Re: [PATCH 1/5] KVM: nSVM: Sync next_rip field from vmcb12 to vmcb02

From: Maciej S. Szmigiero
Date: Fri Apr 01 2022 - 15:09:24 EST

On 1.04.2022 20:32, Sean Christopherson wrote:
On Thu, Mar 10, 2022, Maciej S. Szmigiero wrote:
From: "Maciej S. Szmigiero" <maciej.szmigiero@xxxxxxxxxx>

The next_rip field of a VMCB is *not* an output-only field for a VMRUN.
This field value (instead of the saved guest RIP) in used by the CPU for
the return address pushed on stack when injecting a software interrupt or
INT3 or INTO exception.

Make sure this field gets synced from vmcb12 to vmcb02 when entering L2 or
loading a nested state.

Signed-off-by: Maciej S. Szmigiero <maciej.szmigiero@xxxxxxxxxx>
arch/x86/kvm/svm/nested.c | 4 ++++
arch/x86/kvm/svm/svm.h | 1 +
2 files changed, 5 insertions(+)

diff --git a/arch/x86/kvm/svm/nested.c b/arch/x86/kvm/svm/nested.c
index d736ec6514ca..9656f0d6815c 100644
--- a/arch/x86/kvm/svm/nested.c
+++ b/arch/x86/kvm/svm/nested.c
@@ -366,6 +366,7 @@ void __nested_copy_vmcb_control_to_cache(struct kvm_vcpu *vcpu,
to->nested_ctl = from->nested_ctl;
to->event_inj = from->event_inj;
to->event_inj_err = from->event_inj_err;
+ to->next_rip = from->next_rip;
to->nested_cr3 = from->nested_cr3;
to->virt_ext = from->virt_ext;
to->pause_filter_count = from->pause_filter_count;
@@ -638,6 +639,8 @@ static void nested_vmcb02_prepare_control(struct vcpu_svm *svm)
svm->vmcb->control.int_state = svm->nested.ctl.int_state;
svm->vmcb->control.event_inj = svm->nested.ctl.event_inj;
svm->vmcb->control.event_inj_err = svm->nested.ctl.event_inj_err;
+ /* The return address pushed on stack by the CPU for some injected events */
+ svm->vmcb->control.next_rip = svm->nested.ctl.next_rip;

This needs to be gated by nrips being enabled _and_ exposed to L1, i.e.

if (svm->nrips_enabled)
vmcb02->control.next_rip = svm->nested.ctl.next_rip;

It can be done, however what if we run on a nrips-capable CPU,
but don't expose this capability to the L1?

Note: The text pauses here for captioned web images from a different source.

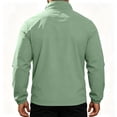 thumbnail image 4 of Men's Lightweight Zip Up Windbreaker Jacket Long Sleeve Stand Collar Solid Trendy Fall Casual Outerwear Jacket with Pocket for Hiking and Travel Mint Green 4XL, 4 of 6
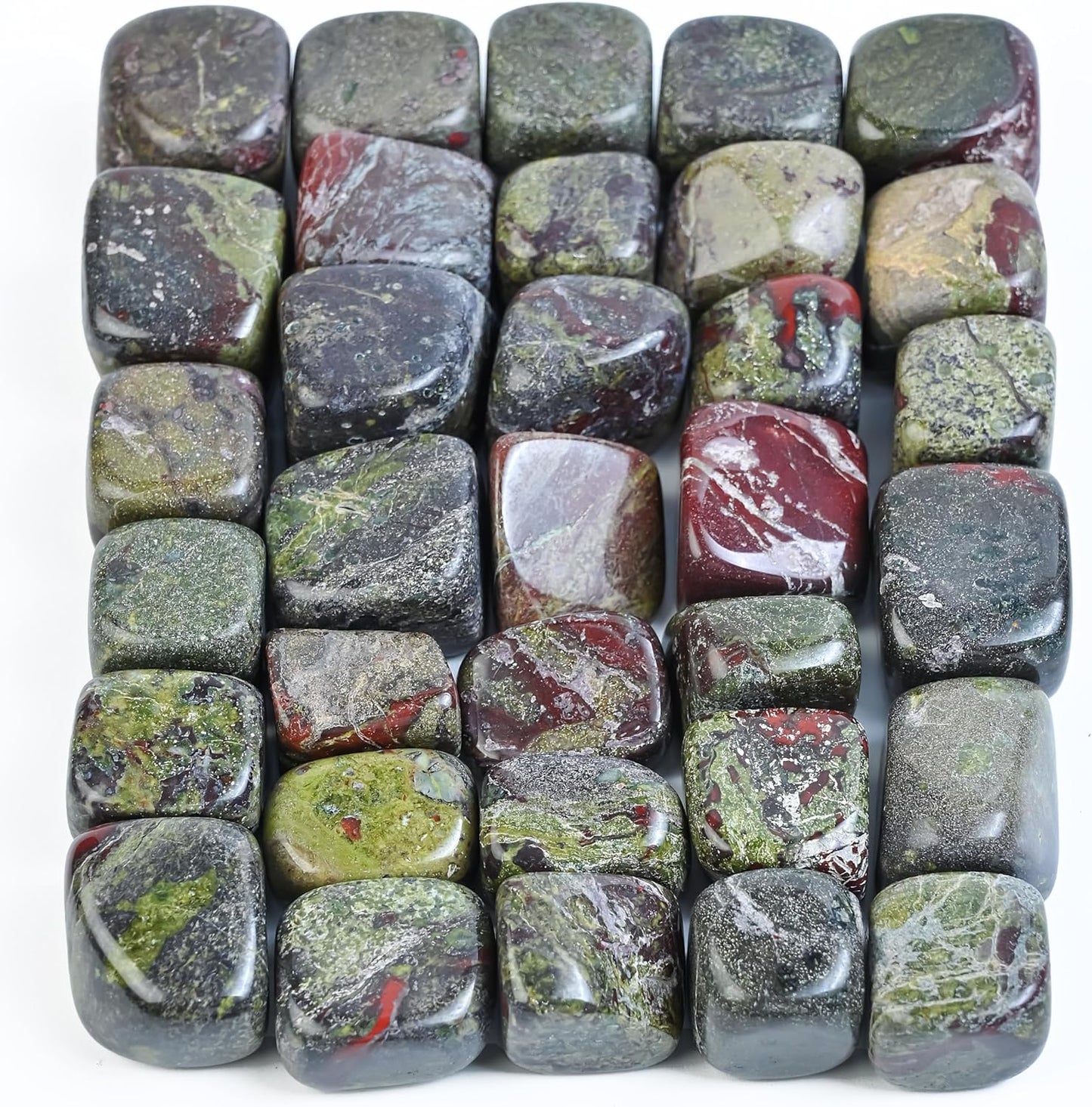 Crocon 1lb Dragon Bloodstone Tumbled Stones and Crystals Bulk, Polished Stones - Rock Collection - vase Filler tumbles Crystals Healing Reiki - Gemstone Gifts, Good Luck, Fountain tumbles Size 20 mm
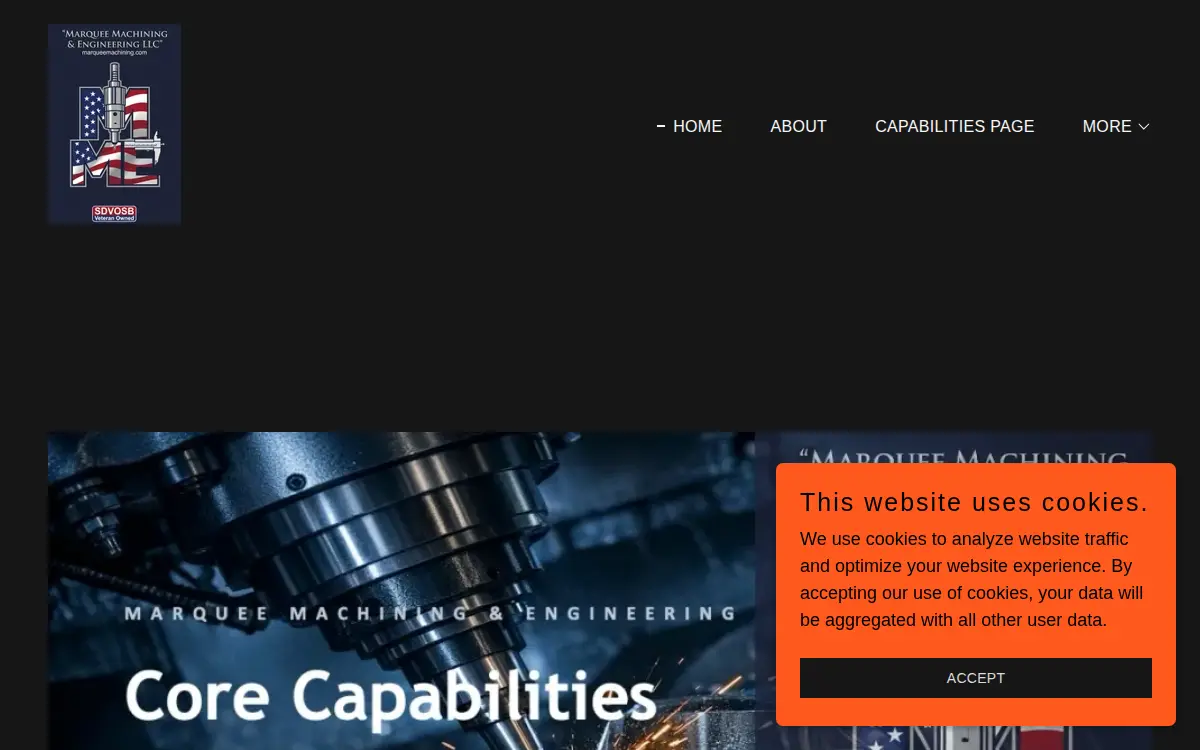 Homepage of Marquee Machining & Engineering LLC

The CPU will then push whatever value was left in this field as
the return address for some L1 injected events.

Although without nrips feature the L1 shouldn't even attempt event
injection, copying this field anyway will make it work if L1 just
expects this capability based on the current CPU model rather than
by checking specific CPUID feature bits.

though I don't see any reason to add the condition to the copy to/from cache flows.

if (!nested_vmcb_needs_vls_intercept(svm))
svm->vmcb->control.virt_ext |= VIRTUAL_VMLOAD_VMSAVE_ENABLE_MASK;
@@ -1348,6 +1351,7 @@ static void nested_copy_vmcb_cache_to_control(struct vmcb_control_area *dst,
dst->nested_ctl = from->nested_ctl;
dst->event_inj = from->event_inj;
dst->event_inj_err = from->event_inj_err;
+ dst->next_rip = from->next_rip;
dst->nested_cr3 = from->nested_cr3;
dst->virt_ext = from->virt_ext;
dst->pause_filter_count = from->pause_filter_count;
diff --git a/arch/x86/kvm/svm/svm.h b/arch/x86/kvm/svm/svm.h
index 93502d2a52ce..f757400fc933 100644
--- a/arch/x86/kvm/svm/svm.h
+++ b/arch/x86/kvm/svm/svm.h
@@ -138,6 +138,7 @@ struct vmcb_ctrl_area_cached {
u64 nested_ctl;
u32 event_inj;
u32 event_inj_err;
+ u64 next_rip;
u64 nested_cr3;
u64 virt_ext;
u32 clean;

I don't know why this struct has

u8 reserved_sw[32];

but presumably it's for padding, i.e. probably should be reduced to 24 bytes.

Apparently the "reserved_sw" field stores Hyper-V enlightenments state -
see commit 66c03a926f18 ("KVM: nSVM: Implement Enlightened MSR-Bitmap feature")
and nested_svm_vmrun_msrpm() in nested.c.